> **Exercise instructions**
Please, starting at the line that contains "コロラートフィオーレ(colorato fiore)/ワンカラー", reproduce every line exactly until the records run out, skipping all pictures.

(Input data)

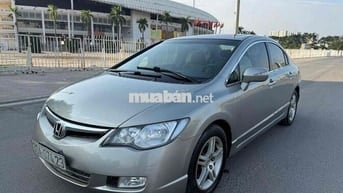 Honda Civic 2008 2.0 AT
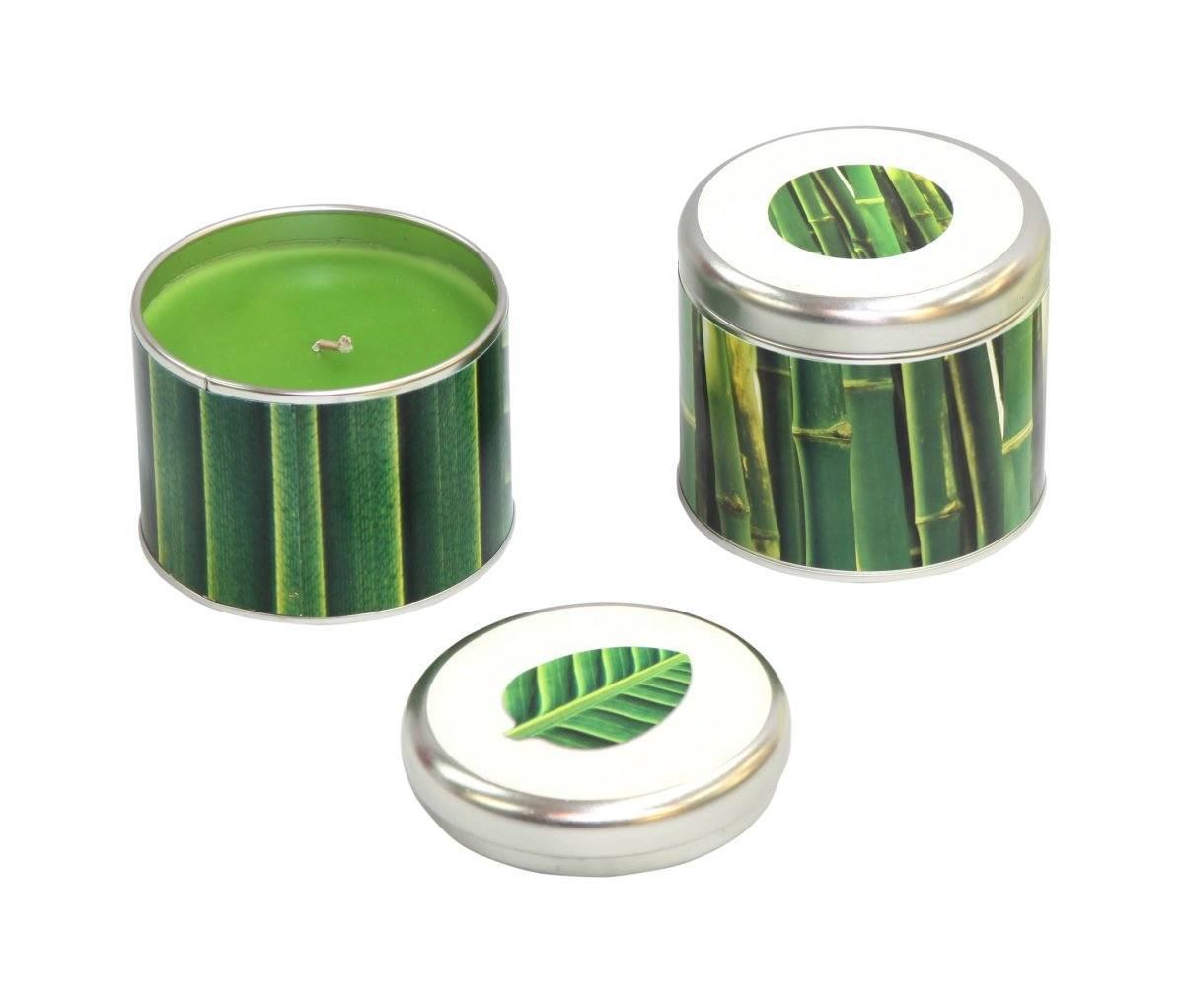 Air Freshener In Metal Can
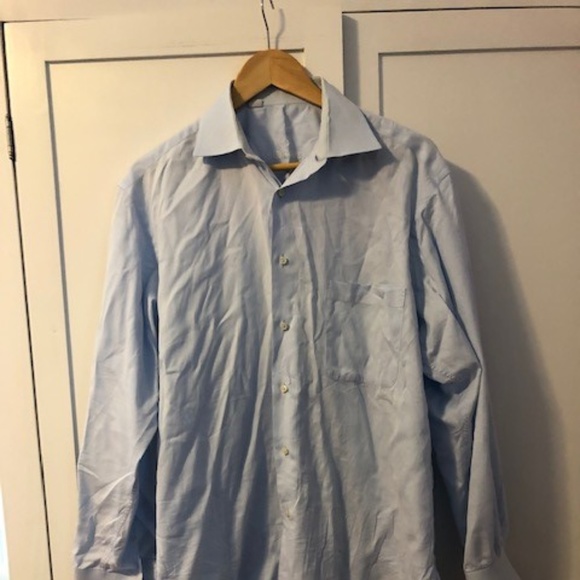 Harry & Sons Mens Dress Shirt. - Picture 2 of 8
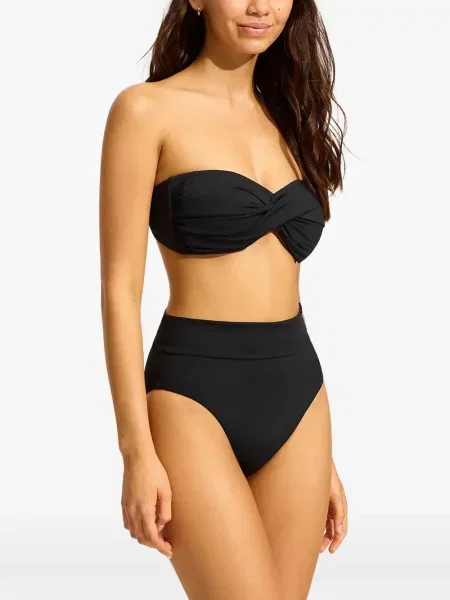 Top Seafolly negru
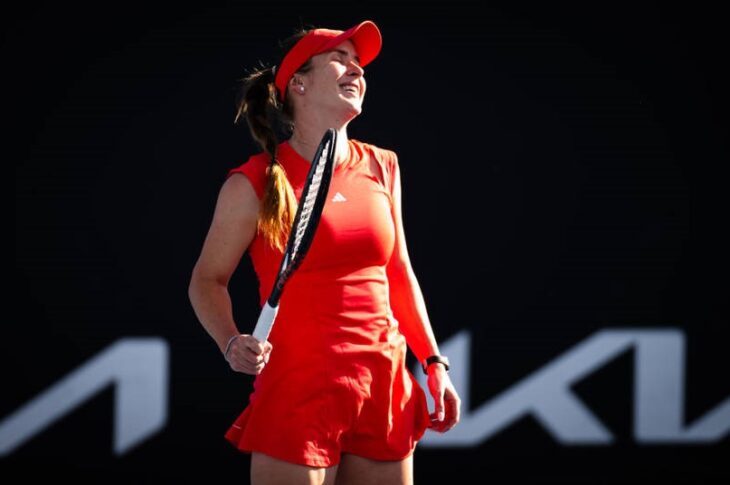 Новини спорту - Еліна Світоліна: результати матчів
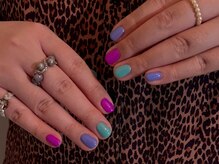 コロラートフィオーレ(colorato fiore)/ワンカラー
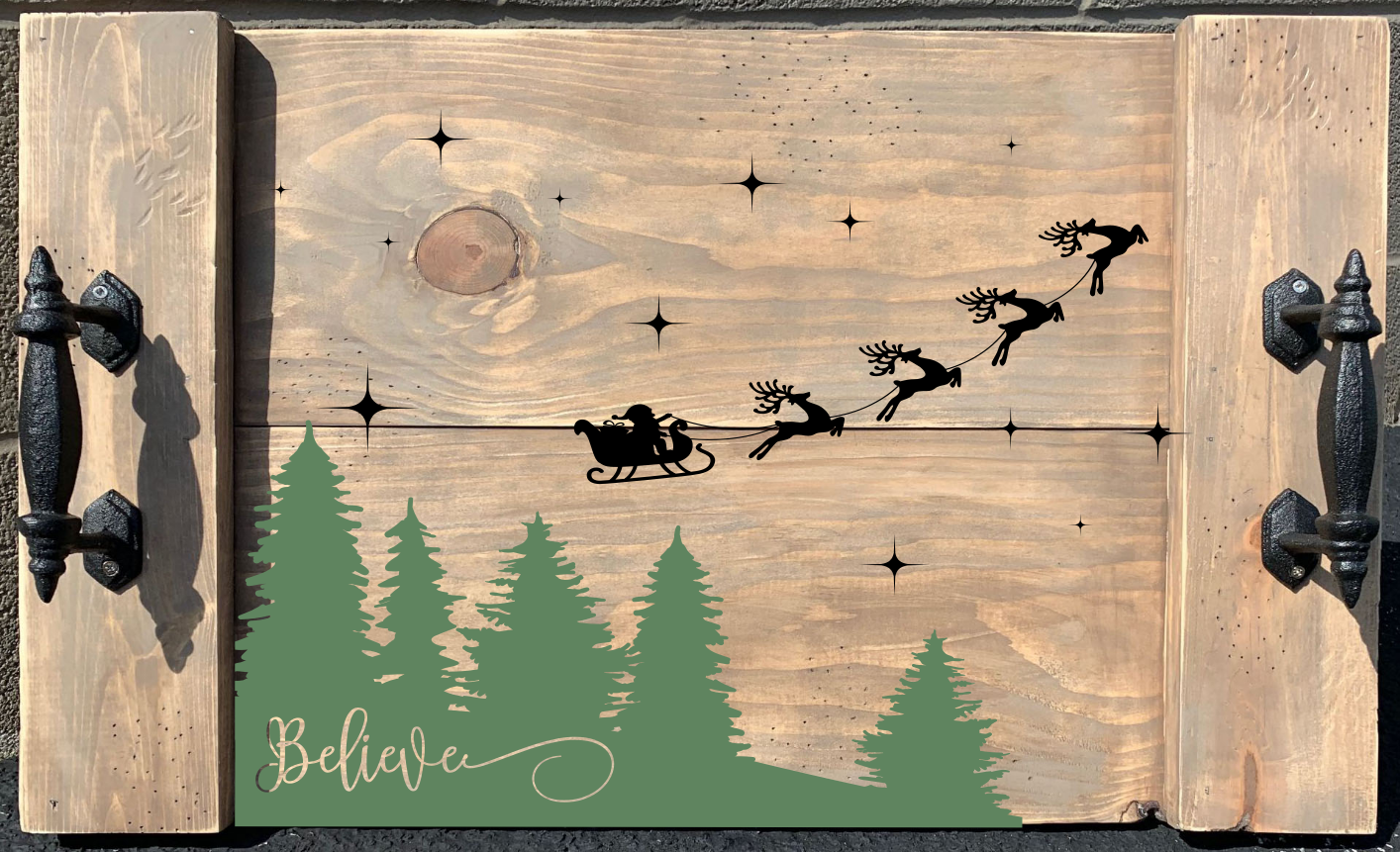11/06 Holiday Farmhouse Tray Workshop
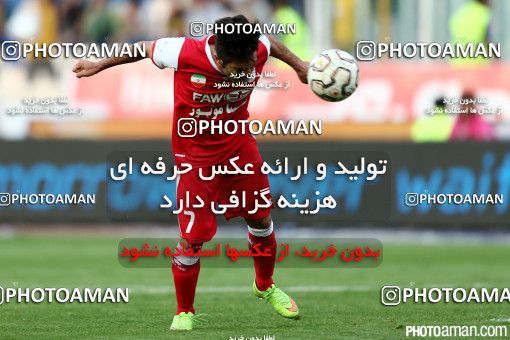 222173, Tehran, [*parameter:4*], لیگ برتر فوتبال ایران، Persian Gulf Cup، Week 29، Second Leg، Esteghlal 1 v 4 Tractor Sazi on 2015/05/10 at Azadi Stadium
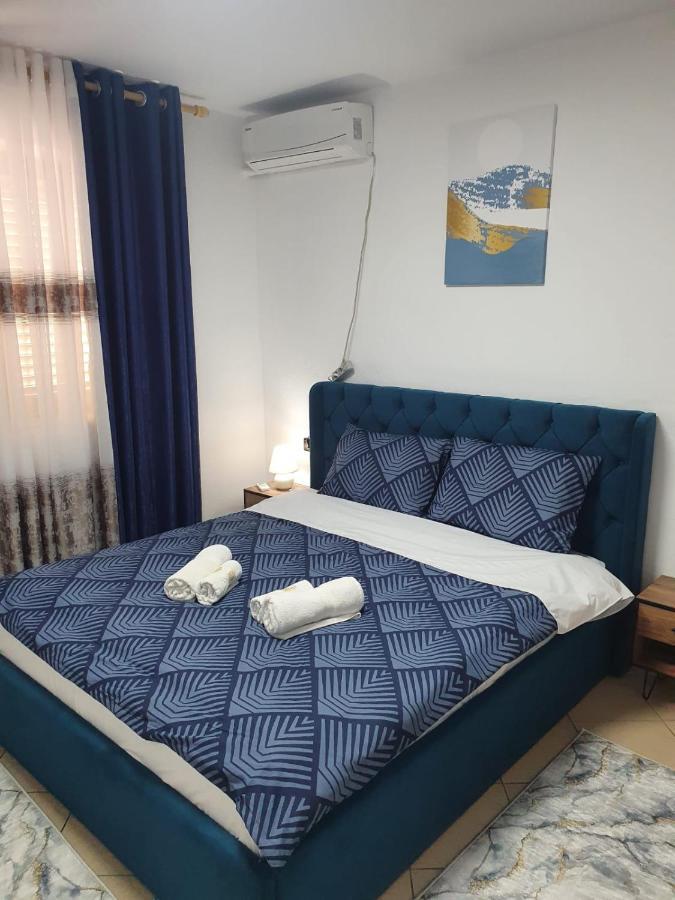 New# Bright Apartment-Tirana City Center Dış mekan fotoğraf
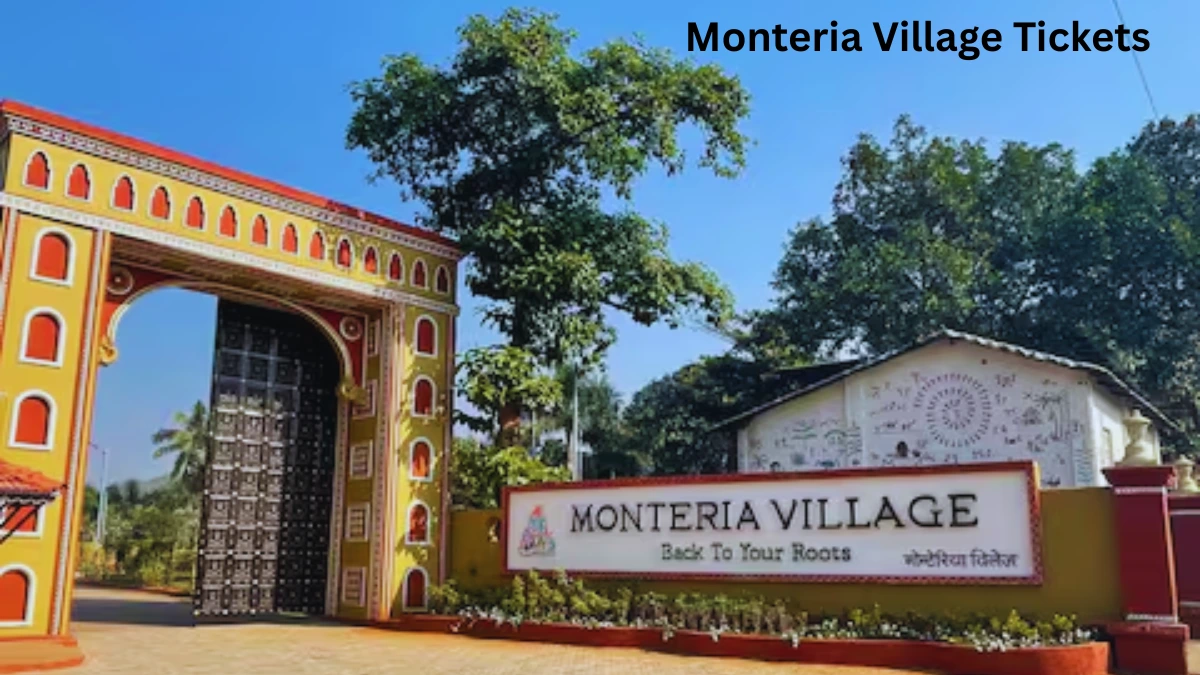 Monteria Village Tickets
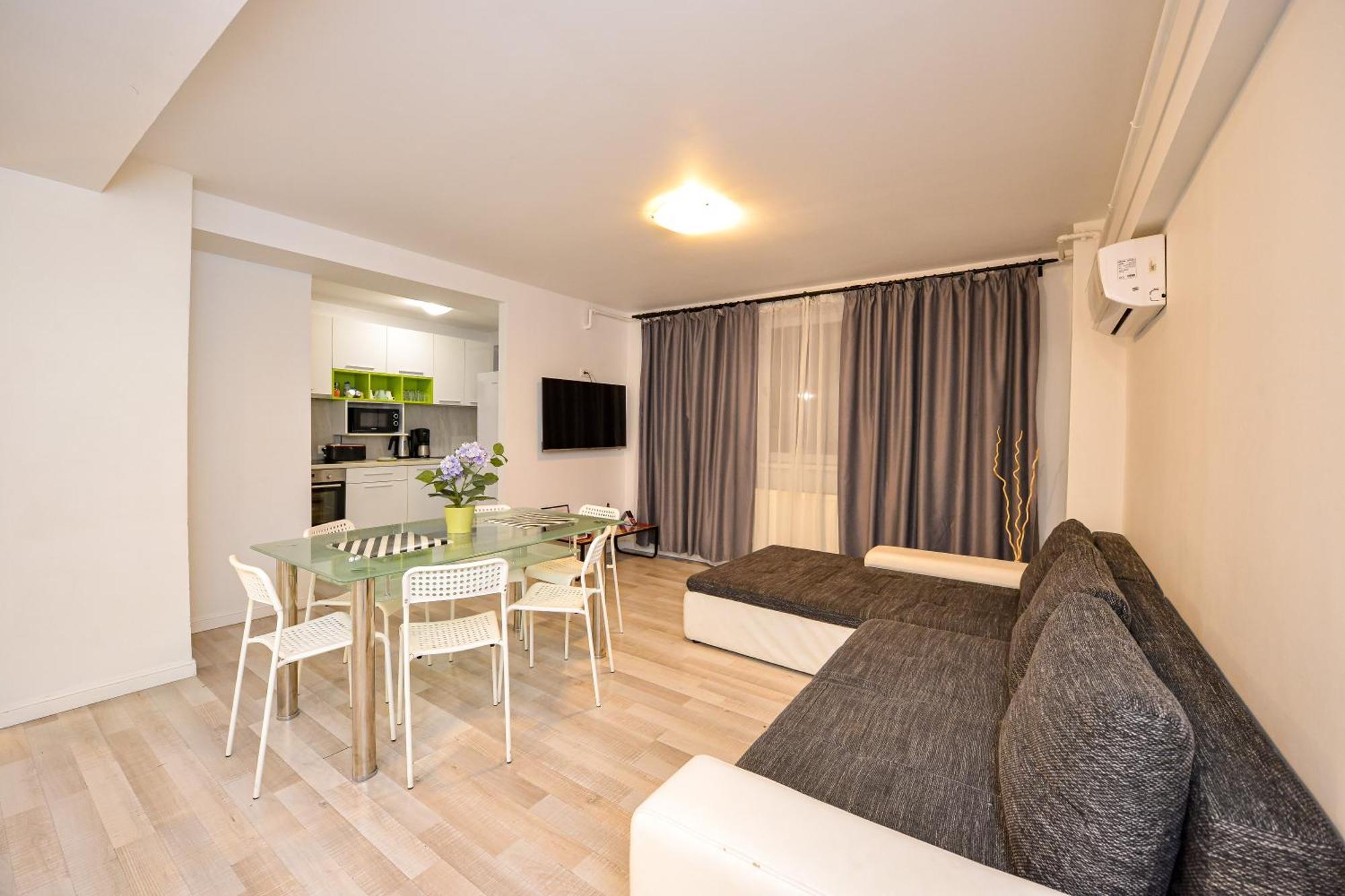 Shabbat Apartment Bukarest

(End Input data)

> **Output below**
 コロラートフィオーレ(colorato fiore)/ワンカラー
11/06 Holiday Farmhouse Tray Workshop
 222173, Tehran, [*parameter:4*], لیگ برتر فوتبال ایران، Persian Gulf Cup، Week 29، Second Leg، Esteghlal 1 v 4 Tractor Sazi on 2015/05/10 at Azadi Stadium
 New# Bright Apartment-Tirana City Center Dış mekan fotoğraf
 Monteria Village Tickets
 Shabbat Apartment Bukarest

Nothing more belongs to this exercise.